* [EXERCISE AIM]:
Look below for the line holding "Vitesse Arnheim vs. PEC Zwolle (2021/22)_44" and the line holding "官方 7,050 将法式奢华与夏日休闲完". Transcribe exactly those lines and all lines between them, nothing more.

* [EXERCISE MATERIALS]:
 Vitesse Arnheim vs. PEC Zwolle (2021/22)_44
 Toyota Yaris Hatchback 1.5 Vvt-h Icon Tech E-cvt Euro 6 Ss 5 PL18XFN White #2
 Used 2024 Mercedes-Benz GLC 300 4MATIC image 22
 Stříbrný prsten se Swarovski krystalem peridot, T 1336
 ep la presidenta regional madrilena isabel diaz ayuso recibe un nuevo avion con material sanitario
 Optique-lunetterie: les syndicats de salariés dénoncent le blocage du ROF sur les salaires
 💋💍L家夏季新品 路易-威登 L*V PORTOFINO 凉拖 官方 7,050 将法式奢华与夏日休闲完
--
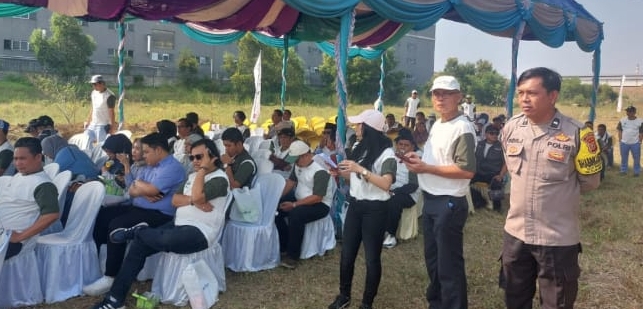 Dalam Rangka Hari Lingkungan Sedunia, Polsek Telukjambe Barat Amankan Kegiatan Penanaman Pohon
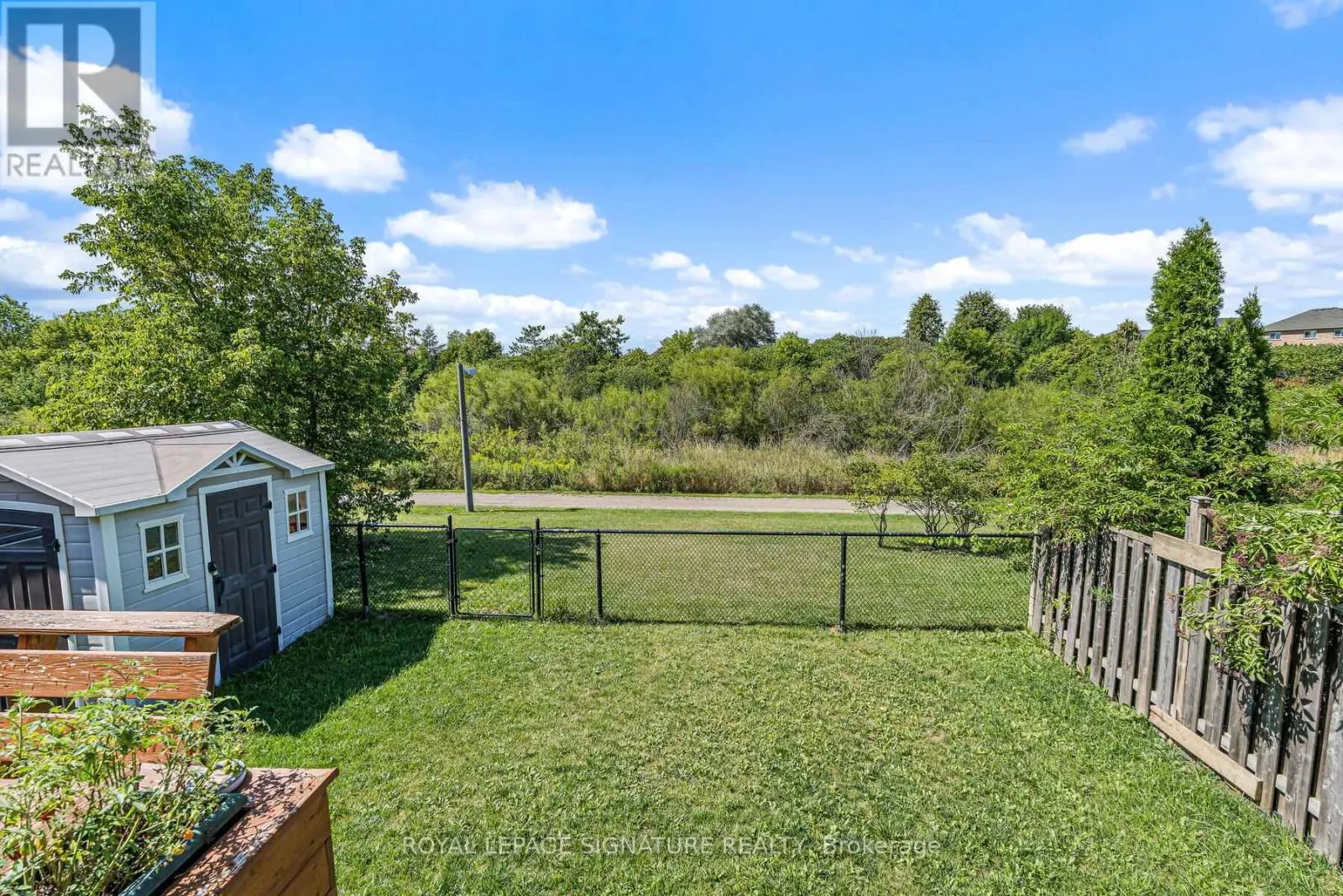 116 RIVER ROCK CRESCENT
...
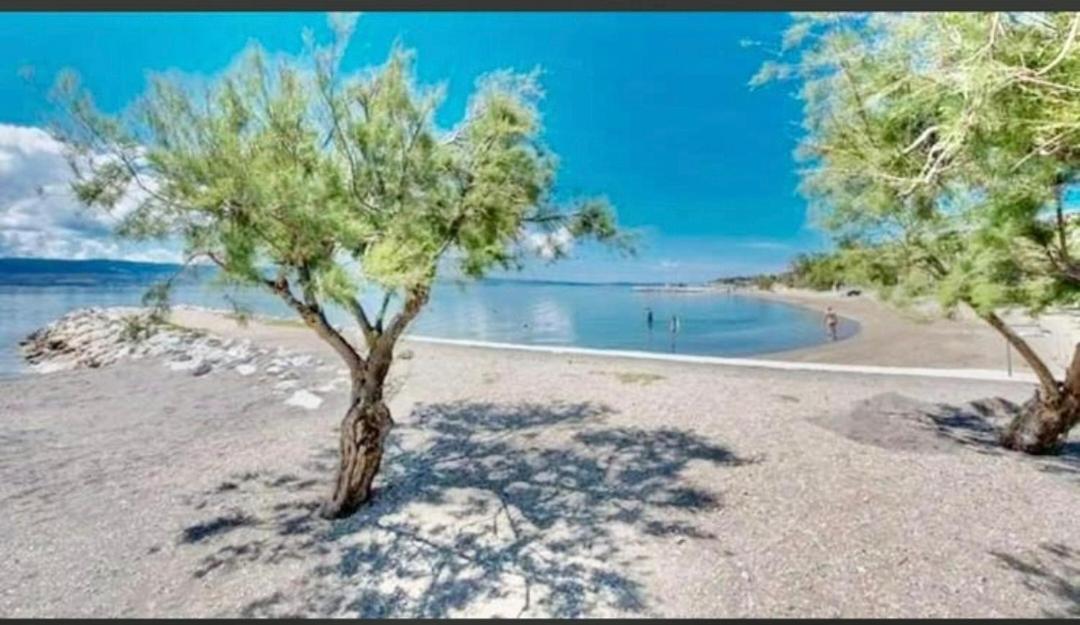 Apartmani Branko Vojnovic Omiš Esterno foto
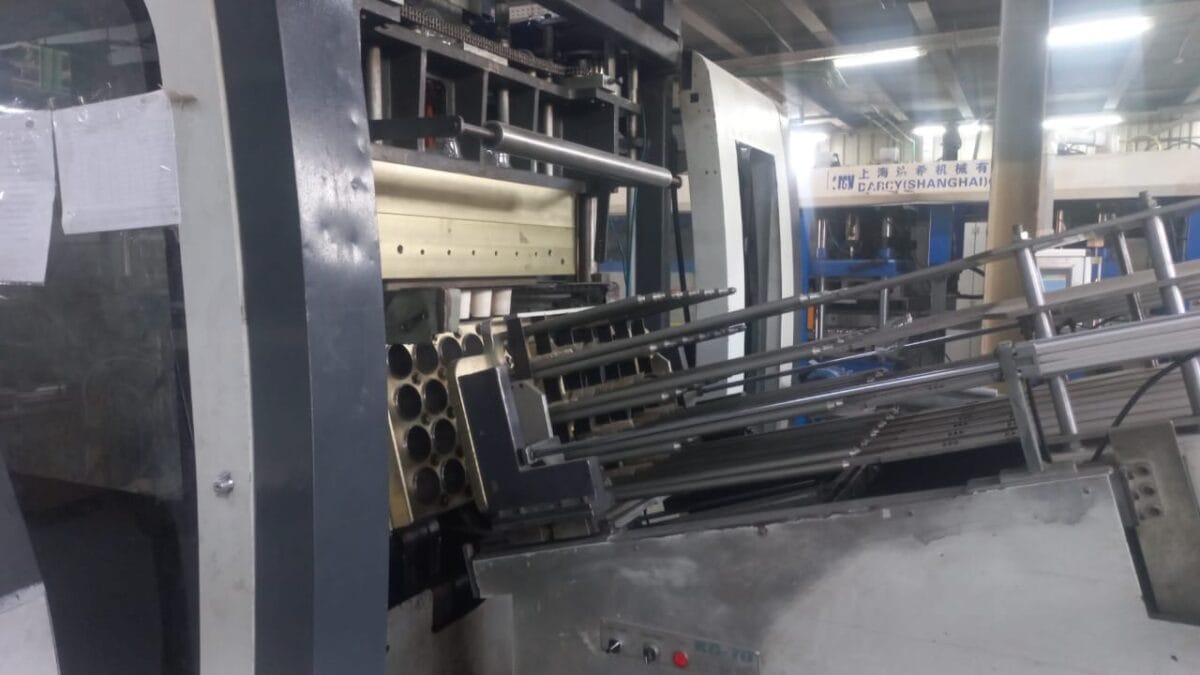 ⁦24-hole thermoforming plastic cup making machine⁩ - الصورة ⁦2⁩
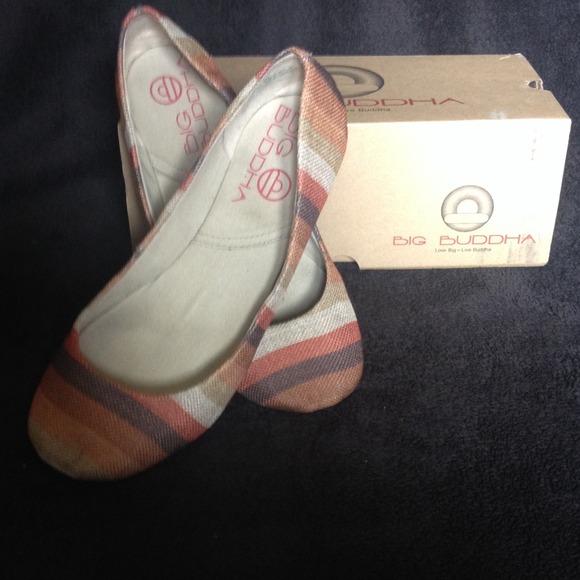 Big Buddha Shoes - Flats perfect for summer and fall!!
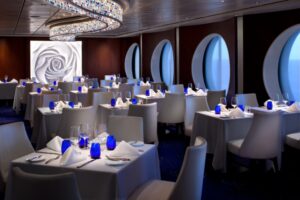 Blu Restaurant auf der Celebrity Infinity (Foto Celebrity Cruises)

* [PROBLEM SOLUTION]:
 Vitesse Arnheim vs. PEC Zwolle (2021/22)_44
 Toyota Yaris Hatchback 1.5 Vvt-h Icon Tech E-cvt Euro 6 Ss 5 PL18XFN White #2
 Used 2024 Mercedes-Benz GLC 300 4MATIC image 22
 Stříbrný prsten se Swarovski krystalem peridot, T 1336
 ep la presidenta regional madrilena isabel diaz ayuso recibe un nuevo avion con material sanitario
 Optique-lunetterie: les syndicats de salariés dénoncent le blocage du ROF sur les salaires
 💋💍L家夏季新品 路易-威登 L*V PORTOFINO 凉拖 官方 7,050 将法式奢华与夏日休闲完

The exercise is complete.